## spctoolkit

by Donald J. Wheeler

Deciding which probability model is appropriate requires judgment that most students of statistics do not possess.

### What About Charts for Count Data?

Some data consist of counts rather than measurements. With count data, it has been tradition to use a theoretical approach for constructing control limits rather than an empirical approach for making measurements. The charts obtained by this theoretical approach have traditionally been known as "attribute charts." There are certain advantages and disadvantages of these charts.

Count data differ from measurement data in two ways. First, count data possess a certain irreducible discreteness that measurement data do not. Second, every count must have a known "area of opportunity" to be well-defined.

With measurement data, the discreteness of the values is a matter of choice. This is not the case with count data, which are based on the occurrence of discrete events (the so-called attributes).
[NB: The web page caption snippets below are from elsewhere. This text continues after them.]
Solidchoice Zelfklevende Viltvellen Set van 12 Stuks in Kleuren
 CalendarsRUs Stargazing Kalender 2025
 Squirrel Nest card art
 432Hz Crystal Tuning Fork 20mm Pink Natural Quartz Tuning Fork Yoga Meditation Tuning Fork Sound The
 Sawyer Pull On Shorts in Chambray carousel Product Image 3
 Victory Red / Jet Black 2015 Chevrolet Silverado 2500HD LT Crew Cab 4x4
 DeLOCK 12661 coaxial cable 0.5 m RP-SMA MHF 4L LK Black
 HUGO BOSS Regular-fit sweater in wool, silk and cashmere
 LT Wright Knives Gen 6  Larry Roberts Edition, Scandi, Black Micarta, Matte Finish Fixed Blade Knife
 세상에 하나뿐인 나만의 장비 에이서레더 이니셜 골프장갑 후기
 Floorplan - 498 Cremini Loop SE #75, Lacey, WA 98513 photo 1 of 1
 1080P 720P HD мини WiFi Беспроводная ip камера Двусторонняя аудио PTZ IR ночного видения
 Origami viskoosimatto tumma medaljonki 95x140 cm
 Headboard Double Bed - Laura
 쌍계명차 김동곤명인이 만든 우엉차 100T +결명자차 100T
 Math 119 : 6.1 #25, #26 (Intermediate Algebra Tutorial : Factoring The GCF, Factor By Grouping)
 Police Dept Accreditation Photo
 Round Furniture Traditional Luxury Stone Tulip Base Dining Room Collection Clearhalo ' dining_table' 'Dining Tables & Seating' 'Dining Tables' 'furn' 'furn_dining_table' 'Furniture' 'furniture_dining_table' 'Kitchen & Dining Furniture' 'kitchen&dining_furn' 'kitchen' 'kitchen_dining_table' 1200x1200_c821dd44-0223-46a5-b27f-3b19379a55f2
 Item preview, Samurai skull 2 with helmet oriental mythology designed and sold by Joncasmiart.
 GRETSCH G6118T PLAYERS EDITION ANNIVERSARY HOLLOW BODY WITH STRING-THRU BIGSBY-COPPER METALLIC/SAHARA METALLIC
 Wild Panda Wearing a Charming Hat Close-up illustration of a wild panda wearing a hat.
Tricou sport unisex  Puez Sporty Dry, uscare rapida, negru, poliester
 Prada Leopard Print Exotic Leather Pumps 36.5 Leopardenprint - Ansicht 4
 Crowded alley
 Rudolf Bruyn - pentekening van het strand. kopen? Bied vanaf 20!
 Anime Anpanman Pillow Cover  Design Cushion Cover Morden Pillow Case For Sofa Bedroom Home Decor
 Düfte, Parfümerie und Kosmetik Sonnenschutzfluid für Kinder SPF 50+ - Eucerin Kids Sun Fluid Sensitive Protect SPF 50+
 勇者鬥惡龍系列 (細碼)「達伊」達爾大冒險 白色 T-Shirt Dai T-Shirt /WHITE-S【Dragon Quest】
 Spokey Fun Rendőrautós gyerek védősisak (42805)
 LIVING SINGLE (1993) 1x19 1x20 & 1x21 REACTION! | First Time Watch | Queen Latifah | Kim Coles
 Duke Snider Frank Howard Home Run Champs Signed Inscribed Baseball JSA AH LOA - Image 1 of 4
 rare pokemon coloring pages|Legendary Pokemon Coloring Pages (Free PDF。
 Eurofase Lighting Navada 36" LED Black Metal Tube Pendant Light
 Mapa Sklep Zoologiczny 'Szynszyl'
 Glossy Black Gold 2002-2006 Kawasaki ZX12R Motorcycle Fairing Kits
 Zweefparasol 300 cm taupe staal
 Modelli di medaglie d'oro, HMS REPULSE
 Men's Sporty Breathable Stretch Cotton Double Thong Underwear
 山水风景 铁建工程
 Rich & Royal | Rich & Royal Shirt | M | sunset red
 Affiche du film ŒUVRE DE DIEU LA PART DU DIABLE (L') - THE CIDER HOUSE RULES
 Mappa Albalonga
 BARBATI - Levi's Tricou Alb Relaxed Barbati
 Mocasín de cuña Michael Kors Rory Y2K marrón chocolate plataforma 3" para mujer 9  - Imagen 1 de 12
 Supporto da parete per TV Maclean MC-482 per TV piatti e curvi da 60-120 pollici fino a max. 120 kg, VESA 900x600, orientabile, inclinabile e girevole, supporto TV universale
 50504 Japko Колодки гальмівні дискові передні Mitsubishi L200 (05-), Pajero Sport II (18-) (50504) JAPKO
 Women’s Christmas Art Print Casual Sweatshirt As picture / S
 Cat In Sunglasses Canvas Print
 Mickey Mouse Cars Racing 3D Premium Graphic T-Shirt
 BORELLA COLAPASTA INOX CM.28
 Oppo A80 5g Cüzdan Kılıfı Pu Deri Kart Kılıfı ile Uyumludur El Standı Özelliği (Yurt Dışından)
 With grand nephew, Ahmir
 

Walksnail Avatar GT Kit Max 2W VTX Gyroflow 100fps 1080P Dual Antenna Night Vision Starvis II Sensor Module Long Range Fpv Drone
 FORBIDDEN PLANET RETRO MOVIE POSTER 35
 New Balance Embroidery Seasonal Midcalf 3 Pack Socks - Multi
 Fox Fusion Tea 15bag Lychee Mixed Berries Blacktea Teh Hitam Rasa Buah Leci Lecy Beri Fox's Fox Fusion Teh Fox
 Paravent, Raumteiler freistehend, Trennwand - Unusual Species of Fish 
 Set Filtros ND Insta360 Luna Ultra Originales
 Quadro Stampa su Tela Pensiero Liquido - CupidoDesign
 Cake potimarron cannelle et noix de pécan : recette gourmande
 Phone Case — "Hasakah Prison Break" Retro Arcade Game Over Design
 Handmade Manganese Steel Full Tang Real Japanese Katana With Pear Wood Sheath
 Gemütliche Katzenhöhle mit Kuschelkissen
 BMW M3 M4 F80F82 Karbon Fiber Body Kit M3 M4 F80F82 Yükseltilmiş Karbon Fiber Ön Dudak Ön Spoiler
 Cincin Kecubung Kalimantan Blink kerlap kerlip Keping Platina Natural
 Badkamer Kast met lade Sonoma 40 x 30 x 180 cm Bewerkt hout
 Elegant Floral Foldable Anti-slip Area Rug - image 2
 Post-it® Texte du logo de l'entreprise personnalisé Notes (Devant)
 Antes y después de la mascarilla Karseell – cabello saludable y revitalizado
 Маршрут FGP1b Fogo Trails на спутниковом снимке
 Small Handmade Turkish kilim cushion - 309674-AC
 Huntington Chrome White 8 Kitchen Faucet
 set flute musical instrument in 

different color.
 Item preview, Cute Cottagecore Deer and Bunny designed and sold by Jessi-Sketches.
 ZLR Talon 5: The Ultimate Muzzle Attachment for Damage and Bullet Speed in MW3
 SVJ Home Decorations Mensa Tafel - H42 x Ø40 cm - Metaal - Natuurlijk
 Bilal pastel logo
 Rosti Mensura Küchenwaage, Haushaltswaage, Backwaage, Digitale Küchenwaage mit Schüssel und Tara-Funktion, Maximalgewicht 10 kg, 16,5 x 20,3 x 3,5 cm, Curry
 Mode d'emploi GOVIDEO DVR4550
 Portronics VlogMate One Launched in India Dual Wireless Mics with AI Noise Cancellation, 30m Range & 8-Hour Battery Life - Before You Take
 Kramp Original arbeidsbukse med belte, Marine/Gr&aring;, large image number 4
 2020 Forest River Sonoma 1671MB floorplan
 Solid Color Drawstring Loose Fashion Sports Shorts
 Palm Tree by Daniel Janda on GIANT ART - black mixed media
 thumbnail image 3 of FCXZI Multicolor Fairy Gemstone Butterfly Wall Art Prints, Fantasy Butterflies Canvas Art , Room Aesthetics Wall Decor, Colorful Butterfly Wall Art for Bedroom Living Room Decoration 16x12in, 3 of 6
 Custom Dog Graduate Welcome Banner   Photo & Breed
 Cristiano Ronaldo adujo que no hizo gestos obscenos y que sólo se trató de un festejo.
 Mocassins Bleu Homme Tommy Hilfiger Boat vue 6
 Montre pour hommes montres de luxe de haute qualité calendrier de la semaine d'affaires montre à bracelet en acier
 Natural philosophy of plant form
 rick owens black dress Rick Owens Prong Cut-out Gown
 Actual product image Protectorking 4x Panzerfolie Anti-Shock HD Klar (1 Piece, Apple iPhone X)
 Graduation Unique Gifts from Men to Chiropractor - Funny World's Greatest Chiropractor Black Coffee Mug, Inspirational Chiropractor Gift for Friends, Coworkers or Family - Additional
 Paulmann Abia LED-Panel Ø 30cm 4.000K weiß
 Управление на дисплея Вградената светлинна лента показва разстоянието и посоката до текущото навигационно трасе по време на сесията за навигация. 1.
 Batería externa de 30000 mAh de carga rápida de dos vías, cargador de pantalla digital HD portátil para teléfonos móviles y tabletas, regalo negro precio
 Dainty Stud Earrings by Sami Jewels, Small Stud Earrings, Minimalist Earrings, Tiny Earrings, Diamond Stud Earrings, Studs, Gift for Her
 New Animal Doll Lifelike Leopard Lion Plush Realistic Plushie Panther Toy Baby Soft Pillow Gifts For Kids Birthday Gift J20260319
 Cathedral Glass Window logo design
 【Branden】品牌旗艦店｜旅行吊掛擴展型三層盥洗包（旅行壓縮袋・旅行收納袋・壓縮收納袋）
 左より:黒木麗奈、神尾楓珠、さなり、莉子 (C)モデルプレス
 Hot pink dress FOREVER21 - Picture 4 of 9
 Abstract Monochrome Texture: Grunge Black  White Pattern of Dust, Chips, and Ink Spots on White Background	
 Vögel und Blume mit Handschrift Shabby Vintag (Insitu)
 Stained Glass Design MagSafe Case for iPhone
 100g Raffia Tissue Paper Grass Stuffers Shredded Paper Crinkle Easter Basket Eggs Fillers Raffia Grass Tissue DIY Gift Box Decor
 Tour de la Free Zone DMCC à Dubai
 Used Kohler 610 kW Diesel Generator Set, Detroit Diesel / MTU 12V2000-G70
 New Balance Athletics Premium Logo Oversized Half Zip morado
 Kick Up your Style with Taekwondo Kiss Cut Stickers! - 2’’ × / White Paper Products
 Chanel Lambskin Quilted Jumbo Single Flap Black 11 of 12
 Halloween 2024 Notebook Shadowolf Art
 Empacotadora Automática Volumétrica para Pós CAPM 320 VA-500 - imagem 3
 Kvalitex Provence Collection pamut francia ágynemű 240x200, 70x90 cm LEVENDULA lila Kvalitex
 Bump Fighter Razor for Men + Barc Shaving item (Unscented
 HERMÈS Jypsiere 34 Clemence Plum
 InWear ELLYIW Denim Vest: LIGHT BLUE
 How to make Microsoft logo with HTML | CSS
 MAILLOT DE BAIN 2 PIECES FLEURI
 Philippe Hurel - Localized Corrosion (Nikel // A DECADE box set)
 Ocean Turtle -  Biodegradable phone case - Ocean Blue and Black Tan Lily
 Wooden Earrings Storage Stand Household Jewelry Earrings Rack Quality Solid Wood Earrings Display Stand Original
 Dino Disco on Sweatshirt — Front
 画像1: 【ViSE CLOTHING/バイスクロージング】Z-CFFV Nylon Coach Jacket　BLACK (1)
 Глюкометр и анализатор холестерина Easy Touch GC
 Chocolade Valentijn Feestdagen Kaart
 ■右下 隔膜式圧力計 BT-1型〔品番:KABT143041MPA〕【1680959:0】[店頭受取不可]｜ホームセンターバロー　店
Count data always consist of integral values. This inherent discreteness is, therefore, a characteristic of the data and can be used in establishing control charts.

The area of opportunity for any given count defines the criteria by which the count must be interpreted. Before two counts may be compared, they must have corresponding (i.e., equally sized) areas of opportunity. If the areas of opportunity are not equally sized, then the counts must be converted into rates before they can be compared effectively. The conversion from counts to rates is accomplished by dividing each count by its own area of opportunity.

These two distinctive characteristics of count data have been used to justify different approaches for calculating the control limits of attribute charts. Hence, four control charts are commonly associated with count data-the np-chart, the p-chart, the c-chart and the u-chart. However, all four charts are for individual values.

The only difference between an XmR chart and an np-chart, p-chart, c-chart or u-chart is the way they measure dispersion. For any given set of count data, the X-chart and the four types of charts mentioned previously will show the same running records and central lines. The only difference between these charts will be the method used to compute the distance from the central line to the control limits.

The np-, p-, c- and u-charts all assume that the dispersion is a function of the location. That is, they assume that SD(X) is a function of MEAN(X). The application of the relationship between the parameters of a theoretical probability distribution must be justified by establishing a set of conditions. When the conditions are satisfied, the probability model is likely to approximate the behavior of the counts when the process displays a reasonable degree of statistical control.
Yet, deciding which probability model is appropriate requires judgment that most students of statistics do not possess. For example, the conditions for using a binomial probability model may be stated as: Binomial Condition 1: The area of opportunity for the count Y must consist of n distinct items. Binomial Condition 2: Each of the n distinct items must be classified as possessing, or not possessing, some attribute. This attribute is usually a type of nonconformance to specifications. Binomial Condition 3: Let p denote the probability that an item has the attribute being counted. The value of p must be the same for all n items in any one sample. While the chart checks if p changes from sample to sample, the value of p must be constant within each sample. Under the conditions, which are considered to be in a state of statistical control, it must be reasonable to assume that the value of p is the same for every sample. Binomial Condition 4: The likelihood that an item possessing the attribute will not be affected if the preceding item possessed the attribute. (This implies, for example, that nonconforming items do not naturally occur in clusters, and counts are independent of each other.)

If these four conditions apply to your data, then you may use the binomial model to compute an estimate of SD(X) directly from your estimate of MEAN(X). Or, you could simply place the counts (or proportions) on an XmR chart and estimate the dispersion from the moving range chart. You will obtain essentially the same chart either way.

Unlike attribute charts, XmR charts assume nothing about the relationship between the location and dispersion. It measures the location directly with the average, and it measures the dispersion directly with the moving ranges. Thus, while the np-, p-, c- and u-charts use theoretical limits, the XmR chart uses empirical limits. The only advantage of theoretical limits is that they include a larger number of degrees of freedom, which means that they stabilize more quickly.

If the theory is correct, and you use an XmR chart, the empirical limits will be similar to the theoretical limits. However, if the theory is wrong, the theoretical limits will be wrong, and the empirical limits will still be correct.

You can't go far wrong using an XmR chart with count data, and it is generally easier to work with empirical limits than to verify the conditions for a theoretical model.